Timeseries clustering is very complex, to reduce the complexity we extract metadata from the invervals and cluster them with the more traditional data point clustering methods

Imports
--

In [122]:
!git clone https://github.com/philippwulff/behaviour_mining.git

fatal: destination path 'behaviour_mining' already exists and is not an empty directory.


In [123]:
import os

import numpy as np
import pandas as pd

from scipy.signal import find_peaks

from sklearn.ensemble import RandomForestClassifier
from sklearn.model_selection import train_test_split
from sklearn.model_selection import RandomizedSearchCV

from sklearn.cluster import KMeans

import matplotlib.pyplot as plt
import plotly.express as px
import plotly.graph_objects as go
from plotly.subplots import make_subplots

# Get data

In [124]:
def read_all(folder, nrows=None):
    """
    Read all .csv files from a directory and return the pandas Dataframes.
    """
    dfs = {}

    for root,dirs,files in os.walk(folder):
        for file in files:
            if file.endswith('.csv'):
                path = os.path.join(root, str(file))
                print('Creating DataFrame from {}'.format(path))
                df = pd.read_csv(path, nrows=nrows)
                dfs[path] = df

    return dfs

# Creating the meta data from trajectories

Using these meta data features:

```
    columns = ['mean', 'std', 'median', 'quant_25', 'quant_75', 'loc_max_mean', 
               'loc_max_num', 'loc_min_mean', 'loc_min_num', 'freq_iv', 'strongest_freq']
```



```
# Als Code formatiert
```

Helper functions
--

In [126]:
def split_ser(ser, n=100):
    num_splits = int(len(ser)/n)
    splits = []
    for i in range(num_splits):
        splits.append(ser[i*n:(i+1)*n])

    return splits


def ser_to_meta(x, obs_name=None):
    mean = np.mean(x)
    std = np.std(x)
    median = np.median(sorted(x))
    quant_25 = np.quantile(sorted(x), 0.25)
    quant_75 = np.quantile(sorted(x), 0.75)

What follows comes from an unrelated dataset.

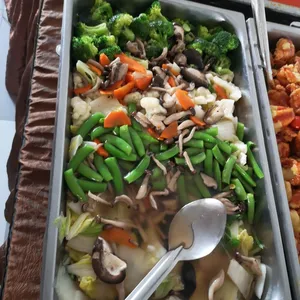 Four Season Vegetable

    # find all local maxima with a min distance of 10 between them
    loc_max, _ = find_peaks(x, distance=10)
    loc_max_mean = np.mean(x[loc_max])
    loc_max_num = len(loc_max)
    # find all local minima with a min distance of 10 between them
    loc_min, _ = find_peaks(x*-1, distance=10)
    loc_min_mean = np.mean(x[loc_min])
    loc_min_num = len(loc_min)

    # find n_bins strongest present frequencies with fast fourier transform
    n_bins = 5
    fft = np.fft.fft(x)
    T = 1 # sampling interval
    N = len(x)
    f = np.linspace(0, 1 / T, N)
    inds = np.argsort(np.abs(fft)[:N // 2])[-n_bins:] # get indexes of strongest freqs
    inds = inds[np.where(inds!=0)] # ignore the bin at f=0 (if this was a max) because this is the mean
    n_freq = f[inds]

    freq_iv = pd.Interval(min(n_freq), max(n_freq), closed='both')
    strongest_freq = f[inds[-1]] # np.argsort places hightest at the end

    sample = [mean,
              std,
              median,
              quant_25,
              quant_75,
              loc_max_mean,
              loc_max_num,
              loc_min_mean,
              loc_min_num,
              freq_iv,
              strongest_freq]
    columns = ['mean', 'std', 'median', 'quant_25', 'quant_75', 'loc_max_mean', 
               'loc_max_num', 'loc_min_mean', 'loc_min_num', 'freq_iv', 'strongest_freq']

    if obs_name:
        columns = [name+'_'+obs_name for name in columns]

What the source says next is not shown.